Segment Start: Supplied data

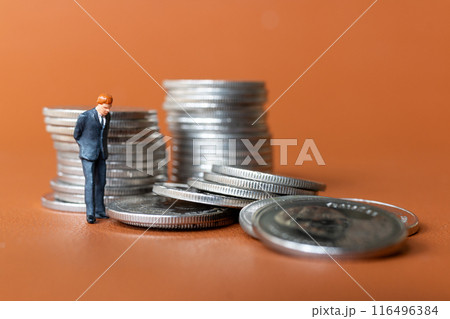 Miniature people A businessman in a suit stands with several stacks of silver coins Miniature people A businessman in a suit stands with several stacks of silver coins 116496384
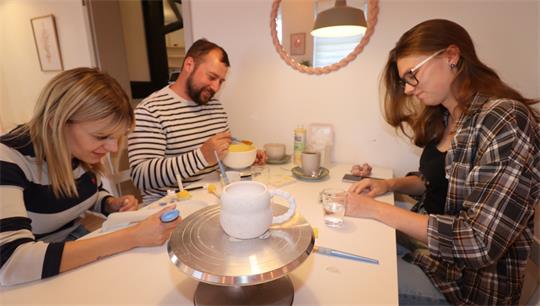 Drei Personen sitzen an einem Tisch. Auf dem Tisch stehen Teller, Gläser und eine weiße Keramik-Tasse.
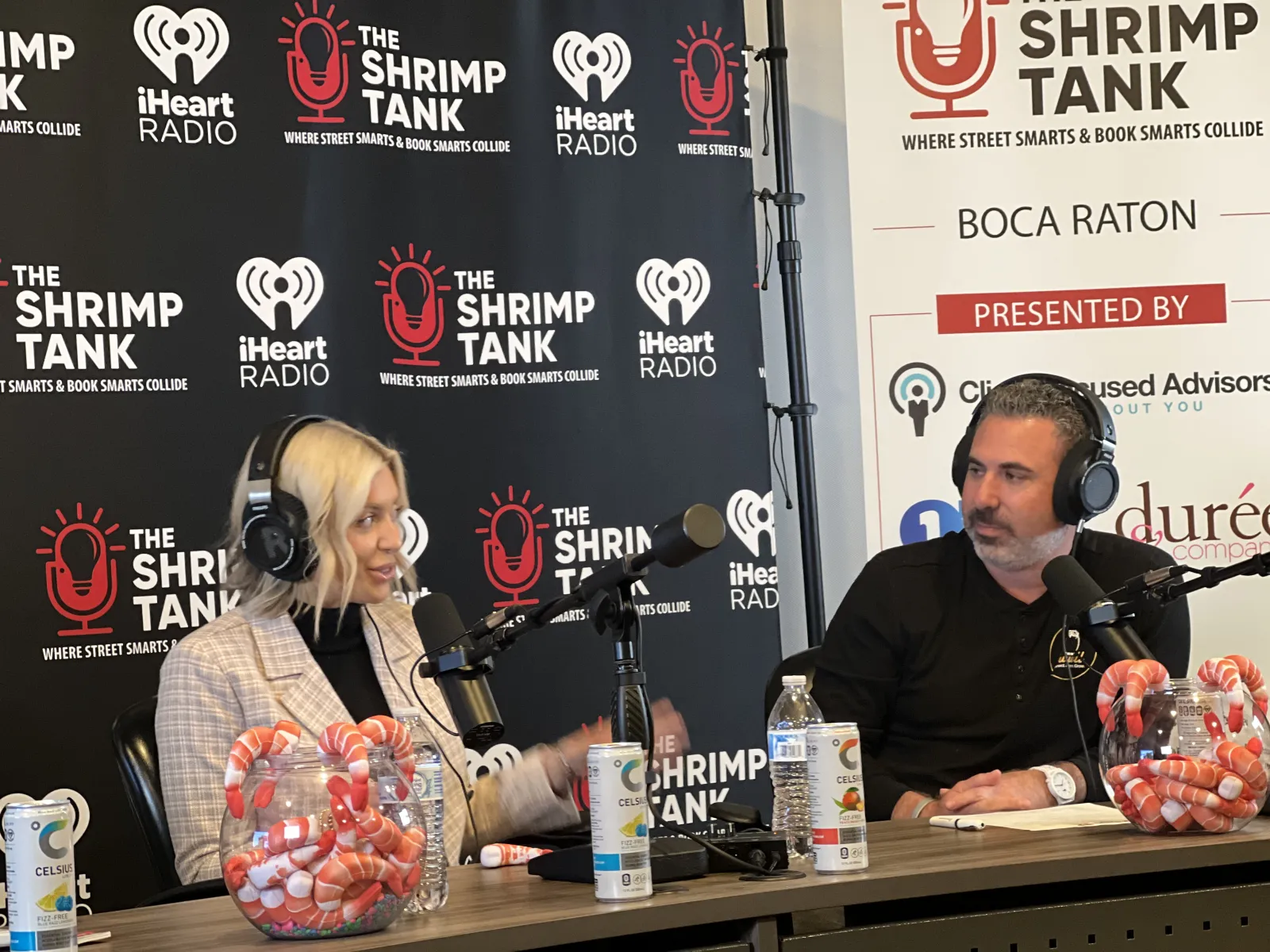 a man and woman sitting at a table with microphones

Segment End: Supplied data

§ **Try it**
Reproduce all of the data exactly; the pictures do not belong in the copy.

§ **Task result**
 Miniature people A businessman in a suit stands with several stacks of silver coins Miniature people A businessman in a suit stands with several stacks of silver coins 116496384
 Drei Personen sitzen an einem Tisch. Auf dem Tisch stehen Teller, Gläser und eine weiße Keramik-Tasse.
 a man and woman sitting at a table with microphones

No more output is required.